Elysian Dark o’ the Moon Pumpkin Stout

Elysian Dark o’ the Moon Pumpkin Stout

Elysian Dark o’ the Moon Pumpkin Stout

A guest blog post by Bill Fishburn. You can follow Bill on Twitter @rwfishbu1.

As we leave Halloween, the number of pumpkins, the frequency of pumpkin sightings, and the appropriateness of pumpkin beers seems to rise exponentially. Since it is definitely the season now for pumpkins, I have no shame in consuming large numbers of pumpkin beers in search of that perfect balance of pumpkin and beer flavors.

With Elysian Brewing’s Dark o’ the Moon Pumpkin Stout, I think I got a little bit closer to identifying a favorite. I hope that my affinity for this darker style in the ale family hasn’t biased my review, but I don’t want to spill the proverbial pumpkin seeds just yet.

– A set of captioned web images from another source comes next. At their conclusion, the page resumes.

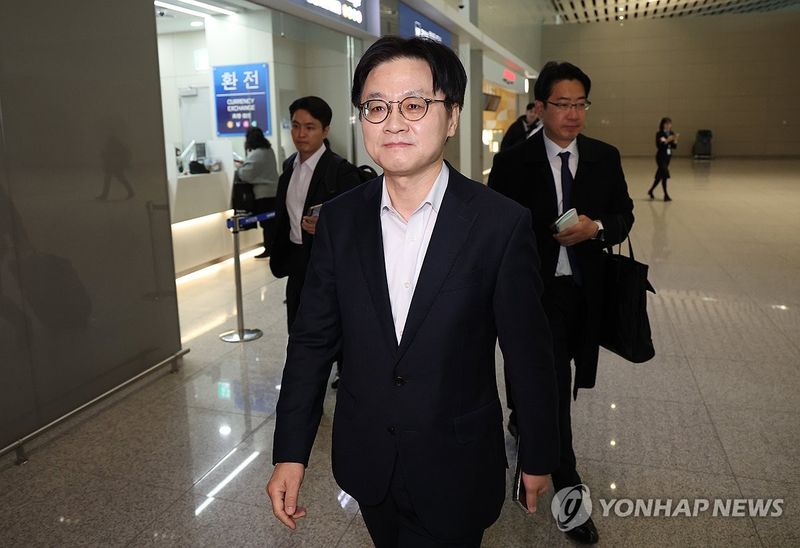 잠수함·투자 협의 나선 김정관 장관...캐나다, 미국 방문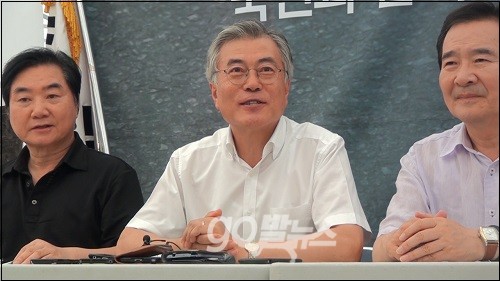 28일 오후, 민주당 장외투쟁 28일만에 서울시청 앞  천막 당사를 찾은 문재인 의원 ⓒ 'go발뉴스'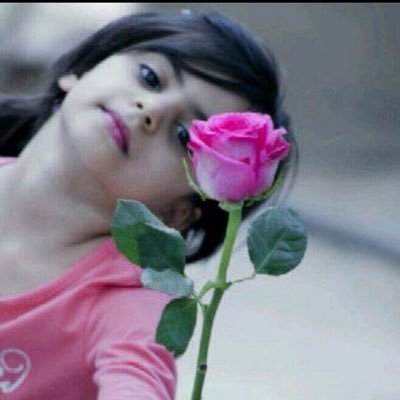 rzaa11's profile picture. .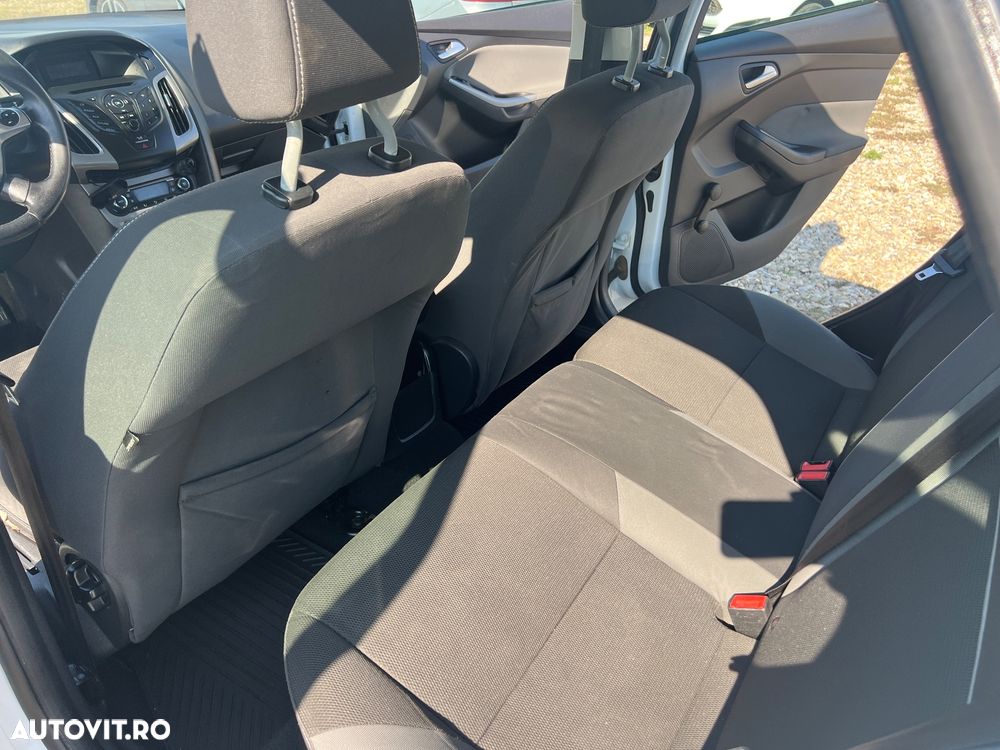 Ford Focus 1.6 TDCi DPF Trend - 17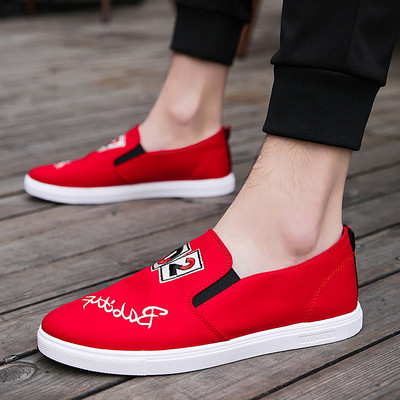 Ανδρικά μοκασίνια με επιγραφή σε δύο χρώματα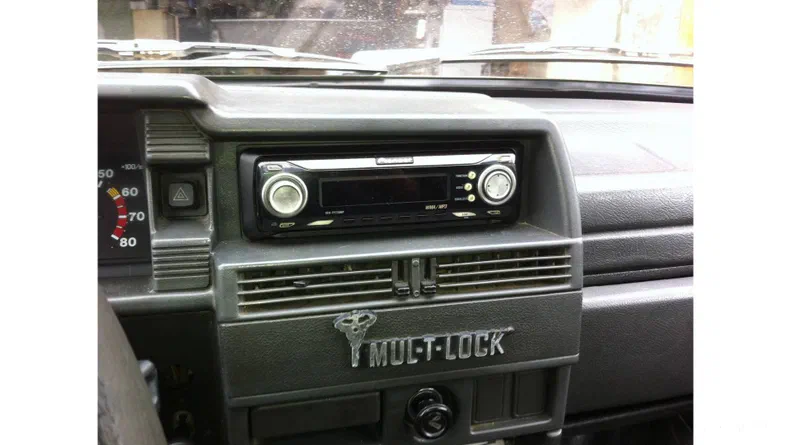 Lada (ВАЗ) 21099 2000 - 9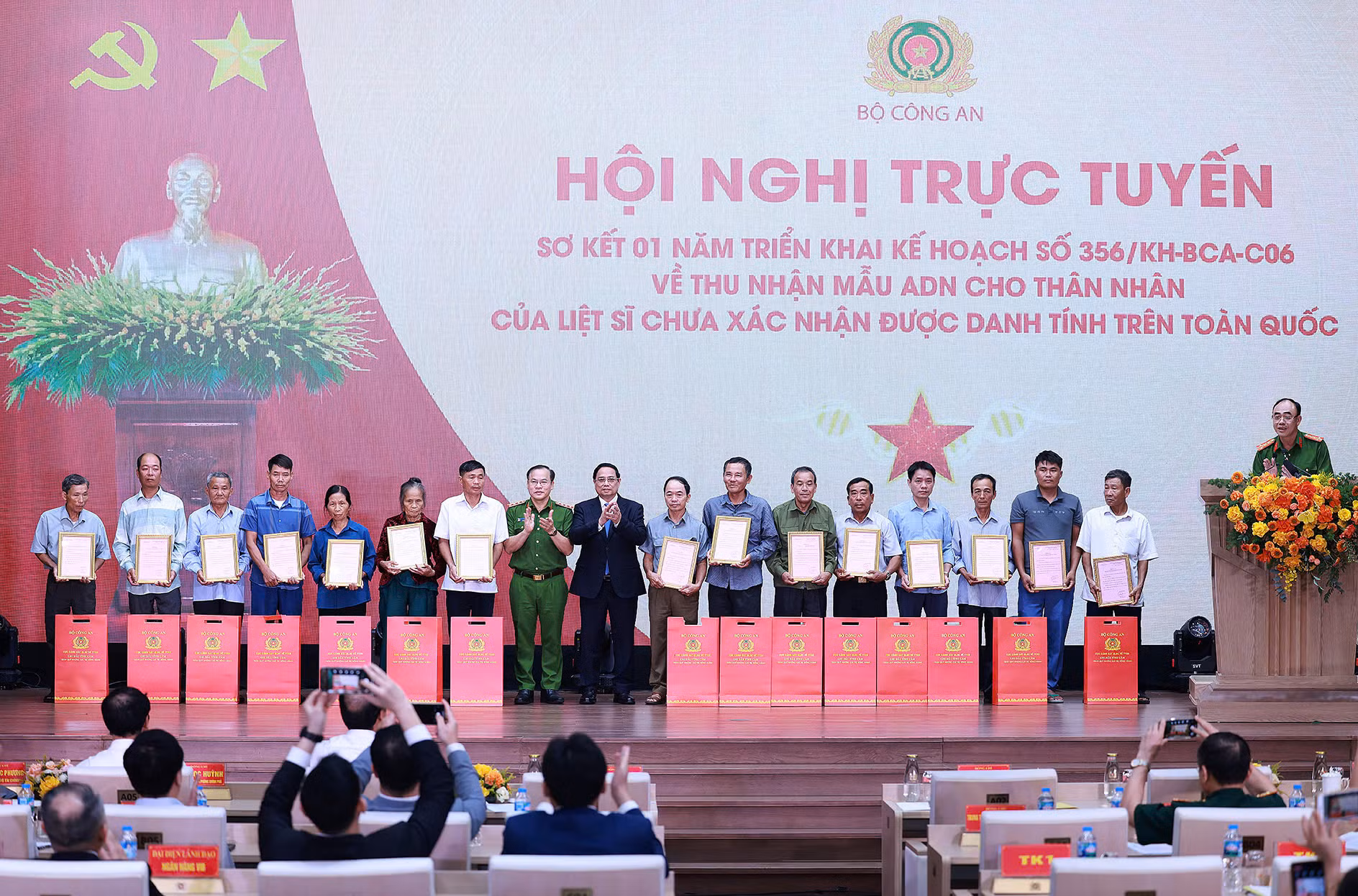 ADN là “chìa khóa” mở ra và phục hồi ký ức lịch sử cho thân nhân các gia đình liệt sĩ -0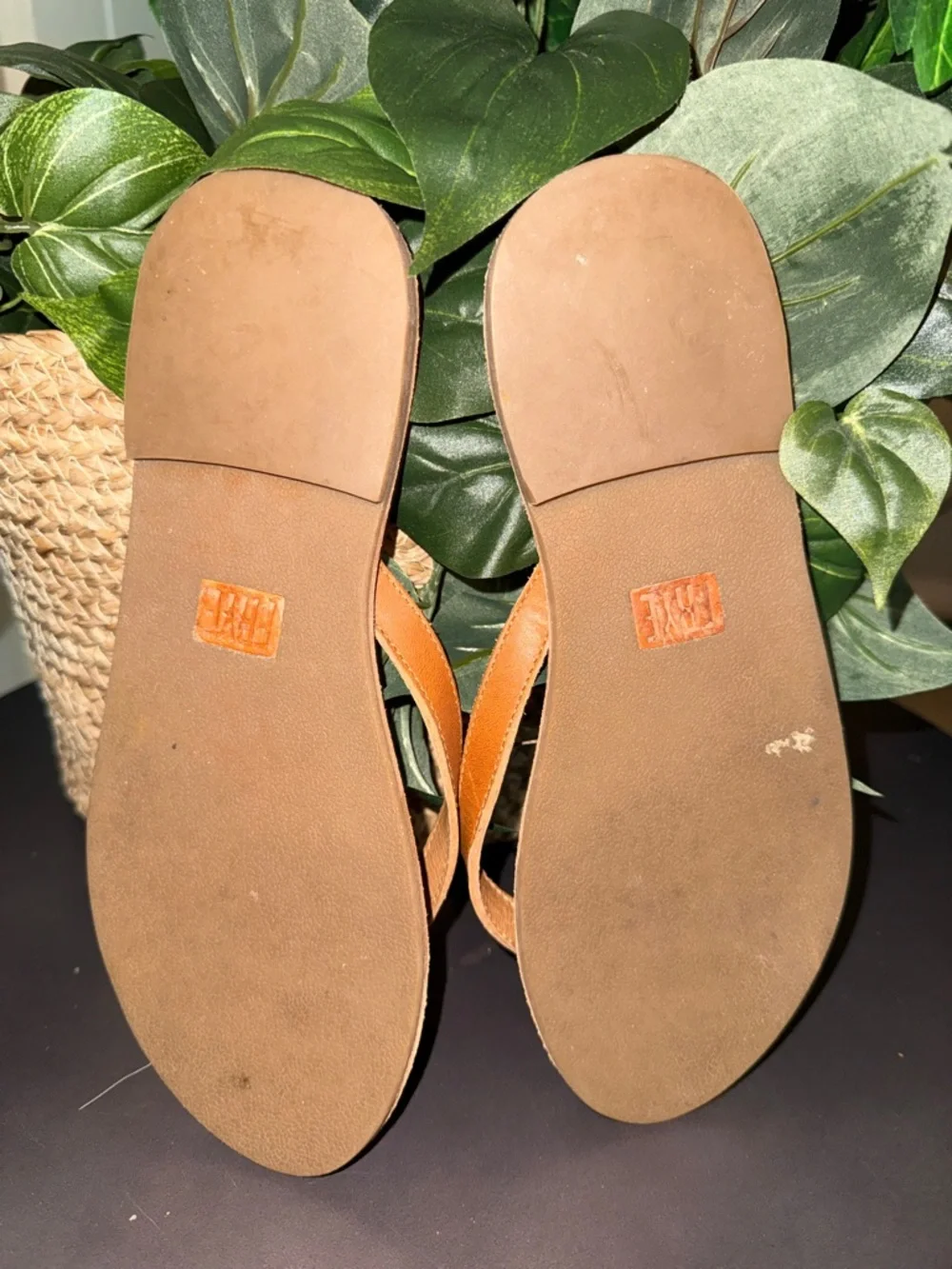 Frye Leather Buckle Thong Sandals in Tan Size 6 Made in Mexico - Picture 11 of 11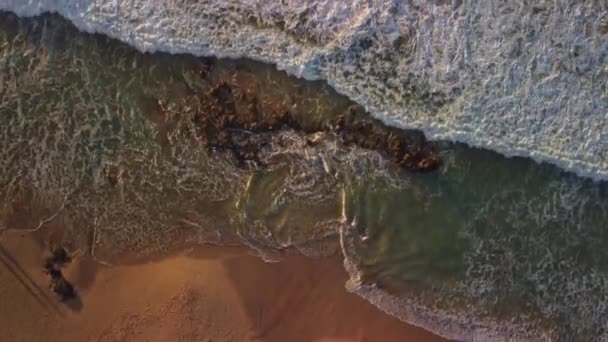 Δείτε Μαγευτική Θέα Μεγάλων Κυμάτων Στολισμένων Αφρό Θάλασσας Καθώς Λαμπερό — Αρχείο Βίντεο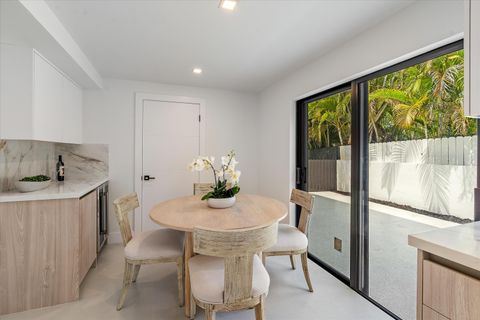 Tiny photo for 911 Mockingbird Lane, Plantation, FL 33324 (MLS # B26007505)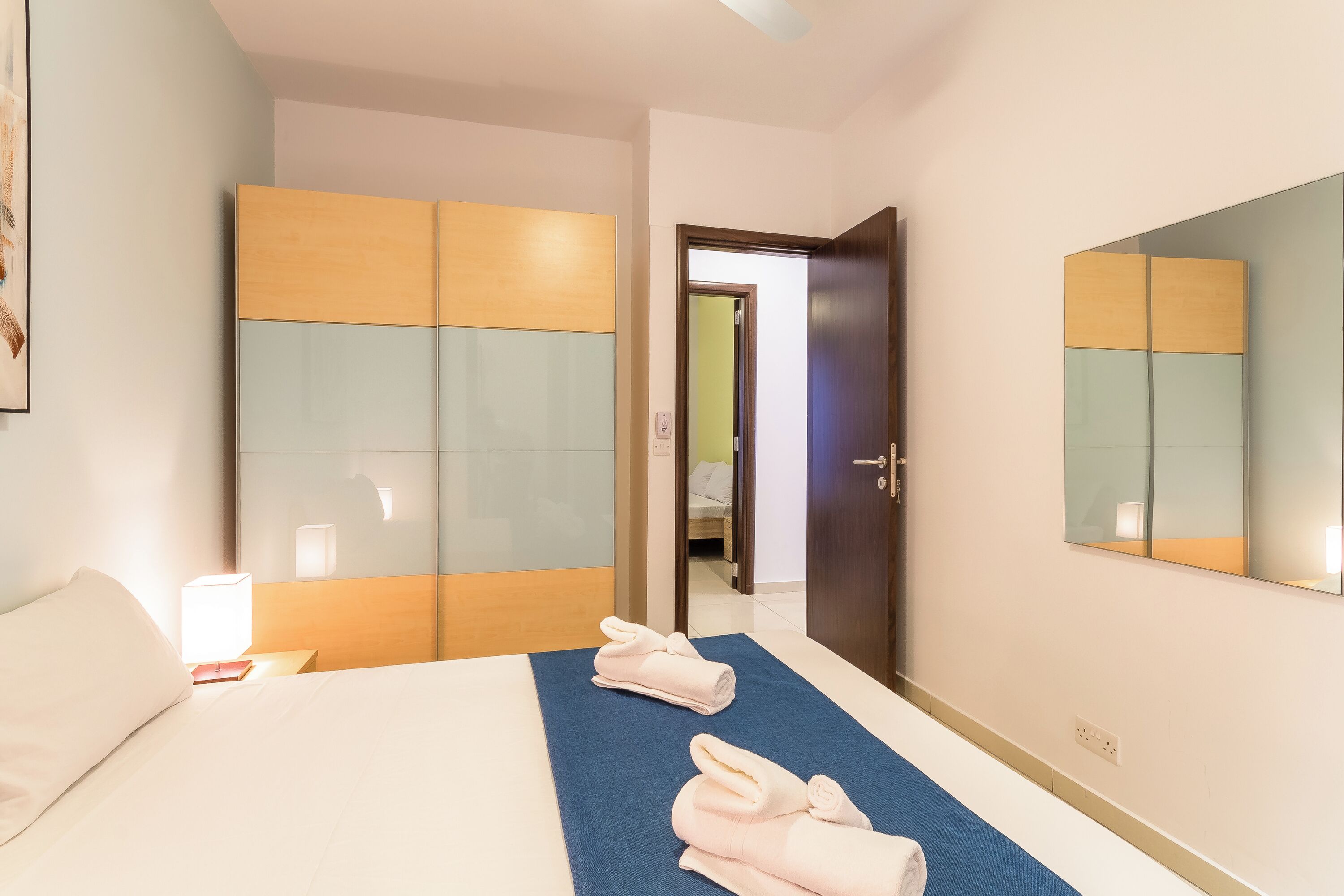 3 Schlafzimmer, laptopgeeigneter Arbeitsplatz, Bügeleisen/Bügelbrett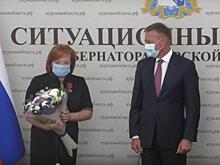 Губернатор отметил заслуги сотрудников Курской областной Думы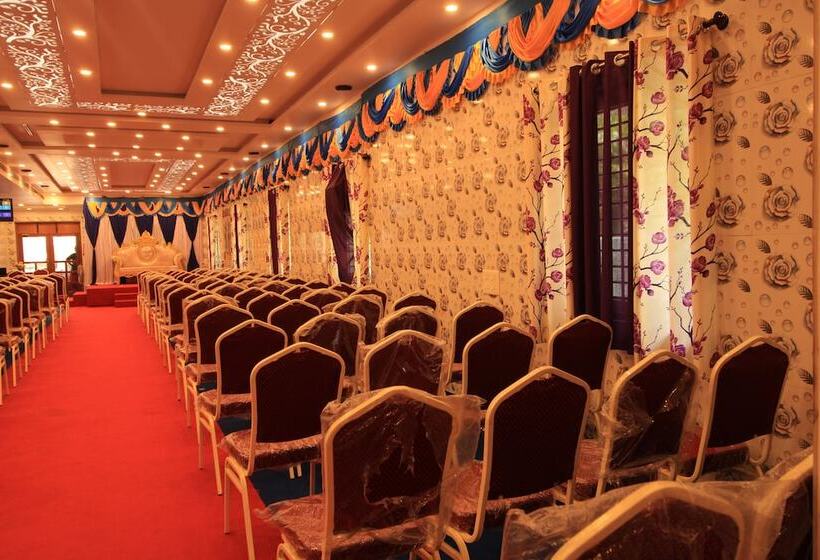 בית מלון כפרי Sri Sathiya Sai Residency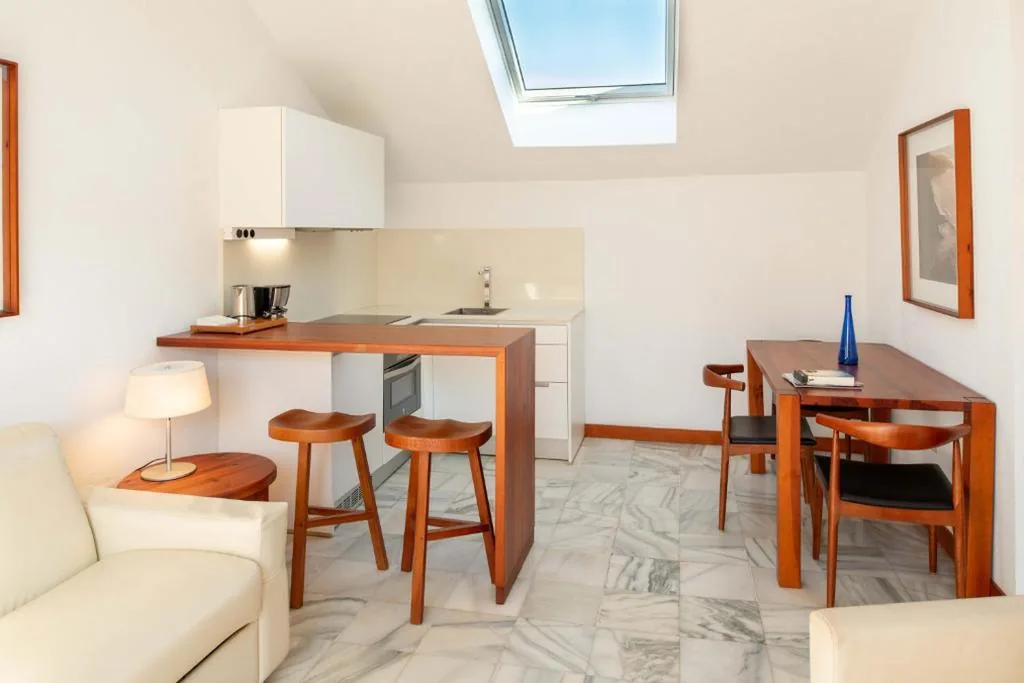 Superior-Apartment mit 1 Schlafzimmer und Hotelblick — Parque Santiago III Official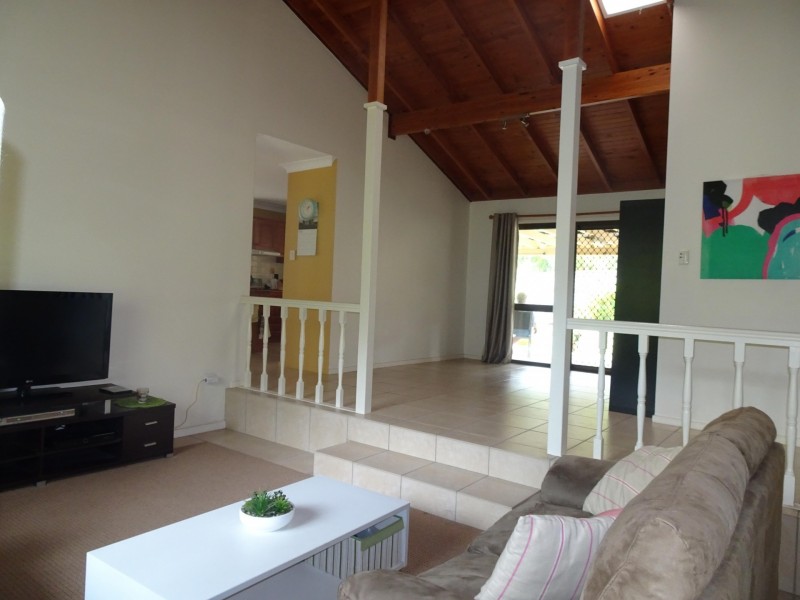 2 Okra Place, Bellbowrie QLD 4070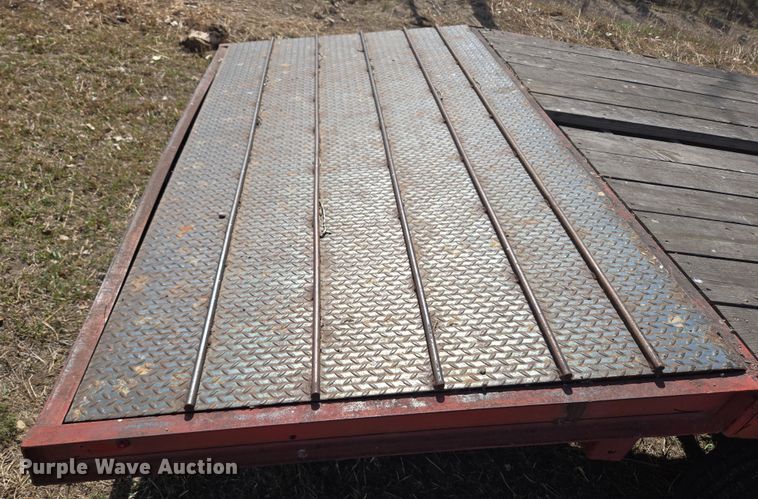 image for item DT7082 1991 equipment trailer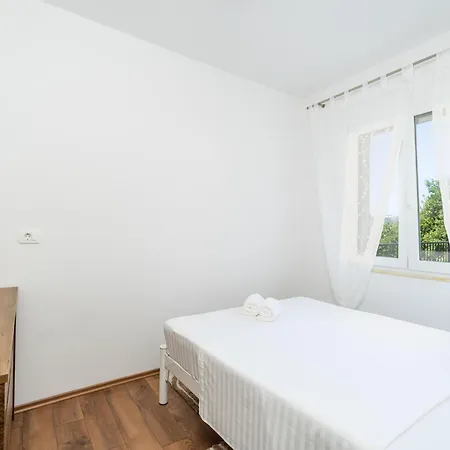 Bella Vista - Two Bedroom With Sea View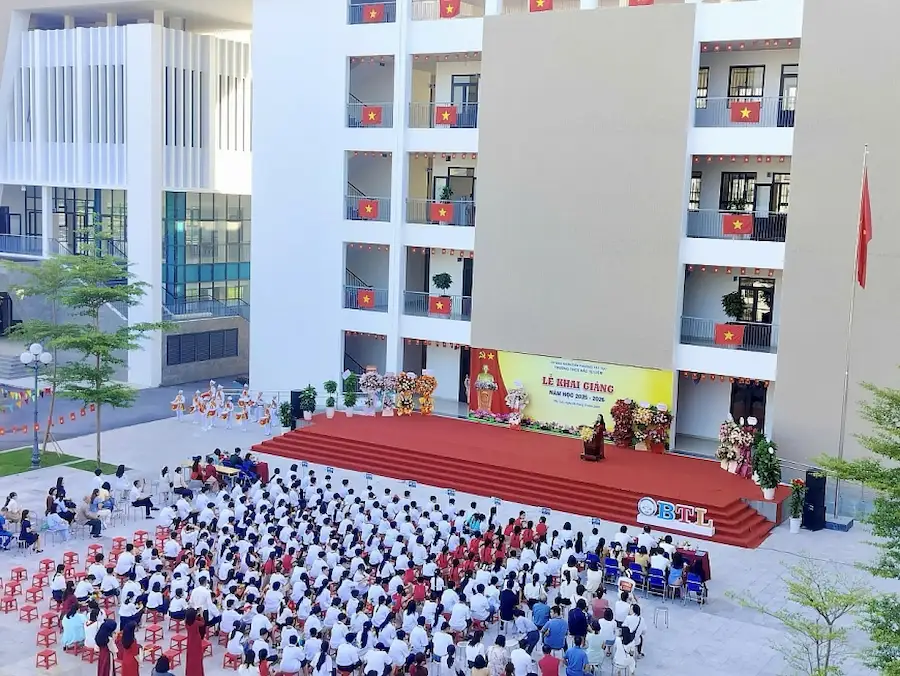 Phòng học ngoại ngữ thông minh Trường THCS Bắc Từ Liêm 2 Phòng học ngoại ngữ thông minh trường THCS Bắc Từ Liêm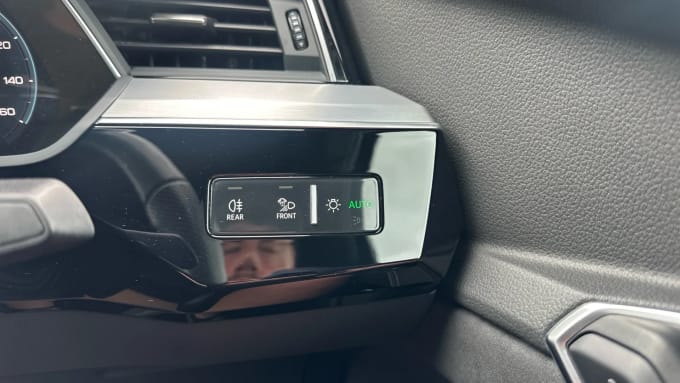 2022 Audi E-tron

Elysian summarizes this beer as having a medium to full body. They say it clocks in with a 6.5% ABV at 20 IBUs. Interestingly, they finish it with both hops and cinnamon.

Using my standard approach and scoring with the BJCP Scoresheet, here is my review.

Aroma

The beer poured with a strong, distinct note of chocolate. To be more specific, I’d say it’s a dark chocolate, and if I didn’t know better, I’d say they used actual chocolate in the brew. Dark o’ the Moon also had mild coffee aromas that supported very nicely the in-your-face chocolate. With a subtle pumpkin note coming through in the end, I was reminded that this is indeed a pumpkin beer. The cinnamon presence was very low but still noticeable. I didn’t pick up any significant fruity esters, alcohol aroma, or hop aroma. (11/12)

Appearance

This beer was so brown it appeared black in the glass. Not a single photon was able to find its way through this highly opaque, extremely non-translucent brew. The head poured thick, rocky, and dark tan, but dissipated more quickly than I would have liked—a very minor and petty detraction. (2/3)

Flavor

The most prominent, even somewhat dominating, flavor was from the roast grain. As with the aroma, a strong, dark chocolate characteristic presented next and took an easy second place in terms of prominence. While I detected a very mild presence of pumpkin, it was still available to the palate as a complementary flavor. The hops show edup as a mild earthy flavor in the finish, but there was no significant hop bitterness. Despite its use in the last part of the boil, cinnamon did not make an appearance in the flavor that I could identify. (17/20)

Mouthfeel

After drinking Elysian’s Night Owl, I was not surprised at just how smooth Dark o’ the Moon was. Like its amber sibling, Dark provided s silky sensation on the palate that is right up there with super-rich chocolate or a cream pie. Its body was so full, so thick, and so heavy, I felt like I’d eaten a couple pieces of pumpkin pie after finishing only half a 22oz bottle. The carbonation is very finely bubbled, just like Night Owl, and, also like Night Owl, I think this contributed to its smoothness. (5/5)

Overall

This is an extremely tasty stout that has all the roastiness and chocolateyness I would expect from examples of this dark style. The roasted grains and chocolate notes seemed to overpower the pumpkin and spice flavors, but the beer’s mouthfeel helped make up for this shortcoming. (9/10)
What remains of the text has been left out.